The Department of Labor’s controversial proposed rule redefining who counts as a fiduciary under the Employee Retirement Income Security Act covers far more services and customer interactions than is necessary, Northern Trust SVP Gerald Cleary said in testimony before DoL today. “If adopted in its current form, the proposal will make it extremely difficult, complex, and costly for banks to deliver the investment-related products, services and information necessary to achieve a financially sound retirement,” he said. “This will likely harm the very retirement investors the Department is seeking to protect.”
Central to the proposal’s problems is its overbroad definition of investment advice, Cleary said. The rule could be interpreted to cover “virtually any and every investment-related conversation with a participant, beneficiary, plan fiduciary or IRA owner,” he noted—which would in turn stifle conversations with customers due to the strict ERISA requirements for fiduciaries. “By promoting awkward and truncated investment discussions, the proposal is also likely to reduce customers’ trust in their retirement providers’ ability to respond to their investment needs and objectives,” he said.

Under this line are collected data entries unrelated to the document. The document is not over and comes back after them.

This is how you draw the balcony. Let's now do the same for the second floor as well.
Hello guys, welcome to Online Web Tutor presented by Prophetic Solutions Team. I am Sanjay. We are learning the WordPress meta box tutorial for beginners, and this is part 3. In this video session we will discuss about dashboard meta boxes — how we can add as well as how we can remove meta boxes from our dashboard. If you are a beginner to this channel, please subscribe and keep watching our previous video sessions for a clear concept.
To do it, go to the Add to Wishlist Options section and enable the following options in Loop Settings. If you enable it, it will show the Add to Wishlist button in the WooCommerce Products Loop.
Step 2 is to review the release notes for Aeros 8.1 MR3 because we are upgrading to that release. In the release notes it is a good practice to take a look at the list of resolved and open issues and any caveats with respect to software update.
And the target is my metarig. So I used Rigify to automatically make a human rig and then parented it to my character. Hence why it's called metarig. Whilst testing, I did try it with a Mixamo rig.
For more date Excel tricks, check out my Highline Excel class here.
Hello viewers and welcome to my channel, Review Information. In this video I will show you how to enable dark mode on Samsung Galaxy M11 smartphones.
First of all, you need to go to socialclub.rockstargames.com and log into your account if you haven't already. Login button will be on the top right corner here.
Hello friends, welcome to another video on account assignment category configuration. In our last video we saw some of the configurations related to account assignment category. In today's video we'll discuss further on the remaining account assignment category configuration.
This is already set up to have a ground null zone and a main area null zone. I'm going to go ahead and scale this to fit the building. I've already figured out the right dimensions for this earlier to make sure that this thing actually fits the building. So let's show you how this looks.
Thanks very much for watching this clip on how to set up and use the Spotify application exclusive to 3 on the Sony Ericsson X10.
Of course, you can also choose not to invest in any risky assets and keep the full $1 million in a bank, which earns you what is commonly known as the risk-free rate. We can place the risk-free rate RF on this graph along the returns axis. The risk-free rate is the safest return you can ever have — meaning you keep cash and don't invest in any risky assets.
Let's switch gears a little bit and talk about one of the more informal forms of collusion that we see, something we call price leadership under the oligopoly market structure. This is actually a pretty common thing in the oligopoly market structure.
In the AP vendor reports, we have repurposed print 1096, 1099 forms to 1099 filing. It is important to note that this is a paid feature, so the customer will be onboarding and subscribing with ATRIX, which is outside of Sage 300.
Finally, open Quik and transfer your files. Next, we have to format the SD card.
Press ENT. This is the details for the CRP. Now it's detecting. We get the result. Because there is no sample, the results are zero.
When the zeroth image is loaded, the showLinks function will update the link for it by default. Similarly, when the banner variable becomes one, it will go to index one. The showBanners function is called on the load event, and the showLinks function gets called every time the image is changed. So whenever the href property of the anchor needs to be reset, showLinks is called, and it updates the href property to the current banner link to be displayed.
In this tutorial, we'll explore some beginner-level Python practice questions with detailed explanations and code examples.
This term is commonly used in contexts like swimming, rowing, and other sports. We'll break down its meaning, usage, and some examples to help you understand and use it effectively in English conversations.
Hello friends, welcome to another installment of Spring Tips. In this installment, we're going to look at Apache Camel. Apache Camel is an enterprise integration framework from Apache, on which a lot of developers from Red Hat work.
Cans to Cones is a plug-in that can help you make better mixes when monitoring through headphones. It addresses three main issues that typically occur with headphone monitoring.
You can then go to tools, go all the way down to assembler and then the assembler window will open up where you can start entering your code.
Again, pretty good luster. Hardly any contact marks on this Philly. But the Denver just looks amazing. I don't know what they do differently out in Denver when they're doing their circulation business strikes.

Cleary, who joined dozens of other witnesses over four days of testimony, also noted that the proposal appears designed for retail investors and yet captures interactions between bank custodians and their sophisticated institutional investor customers, who do not expect their banks to act as ERISA fiduciaries. He also expressed concern about the possibility that the rule’s definition of investment advice might include periodic account statements.